• _TASK DETAILS_:
In the material below, find the line that contains "620 Manzanita Dr, Grand" and the line that contains "Pronájem kanceláře, Ostrava, Pavlovova, 17", then write out exactly those two lines and everything between them.

• _DATASET EXTRACT_:
·····
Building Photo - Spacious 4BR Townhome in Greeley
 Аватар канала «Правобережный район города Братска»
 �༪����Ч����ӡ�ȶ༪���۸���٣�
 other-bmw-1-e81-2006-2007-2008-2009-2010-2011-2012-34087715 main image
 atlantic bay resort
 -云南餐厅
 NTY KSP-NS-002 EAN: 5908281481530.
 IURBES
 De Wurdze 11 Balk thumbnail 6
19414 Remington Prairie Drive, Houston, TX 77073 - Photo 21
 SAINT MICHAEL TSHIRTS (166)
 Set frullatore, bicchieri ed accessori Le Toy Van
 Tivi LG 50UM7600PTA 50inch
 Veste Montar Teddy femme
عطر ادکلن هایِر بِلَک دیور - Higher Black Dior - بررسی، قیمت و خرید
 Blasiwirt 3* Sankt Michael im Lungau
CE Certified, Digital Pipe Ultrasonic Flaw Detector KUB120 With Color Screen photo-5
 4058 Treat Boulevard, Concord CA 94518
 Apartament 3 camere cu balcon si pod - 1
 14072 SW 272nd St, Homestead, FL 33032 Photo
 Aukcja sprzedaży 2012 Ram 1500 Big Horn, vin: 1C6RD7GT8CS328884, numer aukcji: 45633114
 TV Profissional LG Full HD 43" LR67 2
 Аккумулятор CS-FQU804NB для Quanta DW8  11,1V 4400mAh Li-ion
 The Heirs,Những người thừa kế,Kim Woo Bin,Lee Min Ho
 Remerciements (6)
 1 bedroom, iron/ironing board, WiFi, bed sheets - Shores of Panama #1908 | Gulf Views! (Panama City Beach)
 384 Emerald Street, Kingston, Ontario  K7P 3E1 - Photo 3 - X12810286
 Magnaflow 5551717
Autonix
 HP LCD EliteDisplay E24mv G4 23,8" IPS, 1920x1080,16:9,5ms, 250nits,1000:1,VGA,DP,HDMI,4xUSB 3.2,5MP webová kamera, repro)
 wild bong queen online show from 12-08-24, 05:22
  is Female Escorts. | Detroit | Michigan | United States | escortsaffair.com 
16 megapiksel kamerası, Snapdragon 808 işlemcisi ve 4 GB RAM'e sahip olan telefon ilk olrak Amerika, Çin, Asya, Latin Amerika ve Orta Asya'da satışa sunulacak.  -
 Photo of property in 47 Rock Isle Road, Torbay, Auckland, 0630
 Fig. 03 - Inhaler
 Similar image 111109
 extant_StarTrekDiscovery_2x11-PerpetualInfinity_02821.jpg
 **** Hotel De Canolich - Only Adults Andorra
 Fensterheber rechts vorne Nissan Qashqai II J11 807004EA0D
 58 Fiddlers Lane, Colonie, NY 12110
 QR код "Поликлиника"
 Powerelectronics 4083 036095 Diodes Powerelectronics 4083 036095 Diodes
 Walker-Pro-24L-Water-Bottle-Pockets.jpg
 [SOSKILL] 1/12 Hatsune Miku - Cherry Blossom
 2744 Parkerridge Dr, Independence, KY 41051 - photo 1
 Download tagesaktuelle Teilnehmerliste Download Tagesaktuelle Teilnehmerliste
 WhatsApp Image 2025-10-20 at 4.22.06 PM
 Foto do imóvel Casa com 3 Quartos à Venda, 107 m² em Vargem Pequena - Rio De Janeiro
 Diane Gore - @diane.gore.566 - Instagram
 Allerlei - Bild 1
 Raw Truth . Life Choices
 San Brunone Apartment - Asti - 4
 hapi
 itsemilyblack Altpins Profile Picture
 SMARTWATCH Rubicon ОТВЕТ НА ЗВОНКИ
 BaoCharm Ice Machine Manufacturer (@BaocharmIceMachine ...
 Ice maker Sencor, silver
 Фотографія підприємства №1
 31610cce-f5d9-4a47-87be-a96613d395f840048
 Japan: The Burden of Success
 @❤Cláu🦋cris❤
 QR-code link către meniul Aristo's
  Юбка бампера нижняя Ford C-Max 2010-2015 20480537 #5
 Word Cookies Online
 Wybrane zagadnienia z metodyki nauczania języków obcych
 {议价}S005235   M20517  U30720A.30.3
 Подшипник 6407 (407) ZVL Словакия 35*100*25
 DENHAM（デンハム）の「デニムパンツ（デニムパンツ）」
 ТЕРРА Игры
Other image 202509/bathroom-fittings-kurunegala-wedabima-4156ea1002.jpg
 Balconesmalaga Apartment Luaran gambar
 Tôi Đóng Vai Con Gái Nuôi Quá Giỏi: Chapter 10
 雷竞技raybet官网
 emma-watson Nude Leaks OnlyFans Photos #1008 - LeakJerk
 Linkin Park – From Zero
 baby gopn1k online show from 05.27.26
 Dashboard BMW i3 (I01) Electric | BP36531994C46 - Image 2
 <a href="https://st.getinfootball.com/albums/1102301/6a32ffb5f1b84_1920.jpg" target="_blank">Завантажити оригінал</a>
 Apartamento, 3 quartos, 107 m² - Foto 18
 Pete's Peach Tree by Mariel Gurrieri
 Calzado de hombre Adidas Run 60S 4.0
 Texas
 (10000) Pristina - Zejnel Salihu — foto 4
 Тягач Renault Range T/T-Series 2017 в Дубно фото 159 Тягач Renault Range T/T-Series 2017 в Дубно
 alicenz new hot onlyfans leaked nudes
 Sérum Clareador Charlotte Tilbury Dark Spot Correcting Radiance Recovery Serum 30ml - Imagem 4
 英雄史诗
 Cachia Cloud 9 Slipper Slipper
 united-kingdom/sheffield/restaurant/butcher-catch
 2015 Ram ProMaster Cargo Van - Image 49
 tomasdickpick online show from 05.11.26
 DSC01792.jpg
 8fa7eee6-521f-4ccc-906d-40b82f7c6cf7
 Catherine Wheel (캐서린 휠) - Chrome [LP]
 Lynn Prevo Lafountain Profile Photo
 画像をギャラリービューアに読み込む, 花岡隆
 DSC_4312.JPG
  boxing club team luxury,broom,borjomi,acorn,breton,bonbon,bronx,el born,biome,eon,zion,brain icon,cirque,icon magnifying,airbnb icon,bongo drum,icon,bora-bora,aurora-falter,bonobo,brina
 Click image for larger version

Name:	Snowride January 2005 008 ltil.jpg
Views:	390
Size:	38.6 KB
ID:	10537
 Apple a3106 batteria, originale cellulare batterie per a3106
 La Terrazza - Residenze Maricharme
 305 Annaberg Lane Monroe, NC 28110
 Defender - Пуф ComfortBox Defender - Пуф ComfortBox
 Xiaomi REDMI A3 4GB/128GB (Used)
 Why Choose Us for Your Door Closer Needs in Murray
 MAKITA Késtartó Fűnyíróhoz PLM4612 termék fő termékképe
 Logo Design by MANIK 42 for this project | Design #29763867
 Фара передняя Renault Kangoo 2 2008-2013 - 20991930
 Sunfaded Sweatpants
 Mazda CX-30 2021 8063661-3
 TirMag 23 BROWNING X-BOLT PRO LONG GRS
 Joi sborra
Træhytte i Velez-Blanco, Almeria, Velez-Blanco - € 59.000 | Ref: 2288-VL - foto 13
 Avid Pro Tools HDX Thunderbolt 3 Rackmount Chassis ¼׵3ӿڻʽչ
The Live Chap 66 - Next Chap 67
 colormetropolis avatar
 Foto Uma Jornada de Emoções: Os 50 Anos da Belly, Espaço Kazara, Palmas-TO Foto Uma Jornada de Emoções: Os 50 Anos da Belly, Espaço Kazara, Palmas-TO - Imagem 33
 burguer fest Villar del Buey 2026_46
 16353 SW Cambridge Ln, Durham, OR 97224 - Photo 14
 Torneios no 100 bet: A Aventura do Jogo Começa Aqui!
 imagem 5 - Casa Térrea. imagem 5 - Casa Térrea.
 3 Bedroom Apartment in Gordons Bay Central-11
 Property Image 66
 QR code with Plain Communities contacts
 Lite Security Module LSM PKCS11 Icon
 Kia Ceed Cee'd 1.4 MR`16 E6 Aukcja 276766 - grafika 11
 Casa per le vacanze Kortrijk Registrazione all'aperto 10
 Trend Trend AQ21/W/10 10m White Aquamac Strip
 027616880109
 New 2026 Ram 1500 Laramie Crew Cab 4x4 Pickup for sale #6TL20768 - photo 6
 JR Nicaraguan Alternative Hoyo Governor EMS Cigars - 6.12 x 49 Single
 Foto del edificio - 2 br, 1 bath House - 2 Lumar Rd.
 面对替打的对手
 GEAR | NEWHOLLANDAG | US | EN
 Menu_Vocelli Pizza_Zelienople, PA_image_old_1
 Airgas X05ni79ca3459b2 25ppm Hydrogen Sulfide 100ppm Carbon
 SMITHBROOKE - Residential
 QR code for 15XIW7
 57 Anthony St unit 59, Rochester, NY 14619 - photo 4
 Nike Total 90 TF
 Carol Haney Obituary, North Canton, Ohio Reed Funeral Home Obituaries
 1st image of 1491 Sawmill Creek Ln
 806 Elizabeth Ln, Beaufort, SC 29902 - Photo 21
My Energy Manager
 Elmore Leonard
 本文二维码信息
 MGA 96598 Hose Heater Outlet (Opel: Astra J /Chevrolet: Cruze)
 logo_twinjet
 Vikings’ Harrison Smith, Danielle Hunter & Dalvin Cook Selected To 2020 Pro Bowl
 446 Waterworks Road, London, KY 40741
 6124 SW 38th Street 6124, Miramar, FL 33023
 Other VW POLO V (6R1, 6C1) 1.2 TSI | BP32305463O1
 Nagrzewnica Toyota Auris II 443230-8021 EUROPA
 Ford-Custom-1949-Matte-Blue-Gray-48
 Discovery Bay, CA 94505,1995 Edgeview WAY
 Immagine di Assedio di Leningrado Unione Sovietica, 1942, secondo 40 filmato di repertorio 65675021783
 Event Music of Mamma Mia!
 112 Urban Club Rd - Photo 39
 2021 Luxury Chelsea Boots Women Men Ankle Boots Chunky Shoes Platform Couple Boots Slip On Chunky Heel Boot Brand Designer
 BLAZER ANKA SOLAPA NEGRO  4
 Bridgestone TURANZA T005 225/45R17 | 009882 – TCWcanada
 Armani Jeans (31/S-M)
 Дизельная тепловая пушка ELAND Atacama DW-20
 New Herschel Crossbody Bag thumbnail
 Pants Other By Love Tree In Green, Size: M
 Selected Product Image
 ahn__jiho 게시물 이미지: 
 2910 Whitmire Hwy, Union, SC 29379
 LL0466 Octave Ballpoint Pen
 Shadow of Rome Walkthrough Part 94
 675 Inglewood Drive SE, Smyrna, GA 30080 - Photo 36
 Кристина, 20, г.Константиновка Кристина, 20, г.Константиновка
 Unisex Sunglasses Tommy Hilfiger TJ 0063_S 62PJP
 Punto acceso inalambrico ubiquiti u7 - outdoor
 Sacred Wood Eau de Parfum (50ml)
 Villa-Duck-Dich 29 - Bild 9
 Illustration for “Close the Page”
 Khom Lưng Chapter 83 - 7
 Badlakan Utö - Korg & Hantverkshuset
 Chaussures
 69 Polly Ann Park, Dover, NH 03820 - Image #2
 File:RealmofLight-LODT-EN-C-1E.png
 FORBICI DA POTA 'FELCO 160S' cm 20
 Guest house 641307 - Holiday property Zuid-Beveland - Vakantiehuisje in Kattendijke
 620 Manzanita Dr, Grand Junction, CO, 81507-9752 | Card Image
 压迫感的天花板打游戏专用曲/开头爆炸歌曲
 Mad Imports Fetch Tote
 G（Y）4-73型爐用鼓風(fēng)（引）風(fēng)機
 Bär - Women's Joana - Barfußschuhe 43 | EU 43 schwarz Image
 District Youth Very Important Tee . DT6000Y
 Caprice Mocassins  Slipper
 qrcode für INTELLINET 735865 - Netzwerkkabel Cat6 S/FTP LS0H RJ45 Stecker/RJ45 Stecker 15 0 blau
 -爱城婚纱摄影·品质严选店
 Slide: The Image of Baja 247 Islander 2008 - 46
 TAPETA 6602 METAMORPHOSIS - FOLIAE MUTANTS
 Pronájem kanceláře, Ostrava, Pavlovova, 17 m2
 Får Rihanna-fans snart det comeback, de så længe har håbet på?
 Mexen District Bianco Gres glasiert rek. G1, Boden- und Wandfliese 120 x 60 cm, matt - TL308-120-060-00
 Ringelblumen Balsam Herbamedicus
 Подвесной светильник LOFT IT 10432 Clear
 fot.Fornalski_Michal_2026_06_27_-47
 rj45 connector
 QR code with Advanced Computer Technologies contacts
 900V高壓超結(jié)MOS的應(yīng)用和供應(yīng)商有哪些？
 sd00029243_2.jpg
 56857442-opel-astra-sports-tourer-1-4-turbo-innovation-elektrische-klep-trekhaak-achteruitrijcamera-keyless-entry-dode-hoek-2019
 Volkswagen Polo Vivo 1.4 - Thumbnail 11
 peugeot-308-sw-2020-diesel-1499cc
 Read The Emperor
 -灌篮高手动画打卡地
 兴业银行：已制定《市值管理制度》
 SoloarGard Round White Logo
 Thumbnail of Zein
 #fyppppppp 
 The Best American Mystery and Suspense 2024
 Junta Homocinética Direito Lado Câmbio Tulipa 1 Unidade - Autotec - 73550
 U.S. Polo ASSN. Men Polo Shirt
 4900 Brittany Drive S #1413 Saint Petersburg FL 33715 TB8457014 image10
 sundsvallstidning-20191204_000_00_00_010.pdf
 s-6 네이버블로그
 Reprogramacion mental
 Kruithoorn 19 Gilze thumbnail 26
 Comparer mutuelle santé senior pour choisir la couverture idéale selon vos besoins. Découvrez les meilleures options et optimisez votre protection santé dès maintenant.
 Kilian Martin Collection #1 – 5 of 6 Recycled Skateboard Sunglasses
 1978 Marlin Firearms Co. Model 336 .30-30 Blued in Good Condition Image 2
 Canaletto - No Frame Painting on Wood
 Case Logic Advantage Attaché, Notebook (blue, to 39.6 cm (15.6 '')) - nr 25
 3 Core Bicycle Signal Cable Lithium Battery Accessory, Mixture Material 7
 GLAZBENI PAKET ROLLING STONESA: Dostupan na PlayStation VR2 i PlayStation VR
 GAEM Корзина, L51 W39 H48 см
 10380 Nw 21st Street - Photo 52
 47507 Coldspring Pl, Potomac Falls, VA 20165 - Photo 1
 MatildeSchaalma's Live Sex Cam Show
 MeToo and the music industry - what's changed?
·····
• _RESULT BELOW_:
 620 Manzanita Dr, Grand Junction, CO, 81507-9752 | Card Image
 压迫感的天花板打游戏专用曲/开头爆炸歌曲
 Mad Imports Fetch Tote
 G（Y）4-73型爐用鼓風(fēng)（引）風(fēng)機
 Bär - Women's Joana - Barfußschuhe 43 | EU 43 schwarz Image
 District Youth Very Important Tee . DT6000Y
 Caprice Mocassins  Slipper
 qrcode für INTELLINET 735865 - Netzwerkkabel Cat6 S/FTP LS0H RJ45 Stecker/RJ45 Stecker 15 0 blau
 -爱城婚纱摄影·品质严选店
 Slide: The Image of Baja 247 Islander 2008 - 46
 TAPETA 6602 METAMORPHOSIS - FOLIAE MUTANTS
 Pronájem kanceláře, Ostrava, Pavlovova, 17 m2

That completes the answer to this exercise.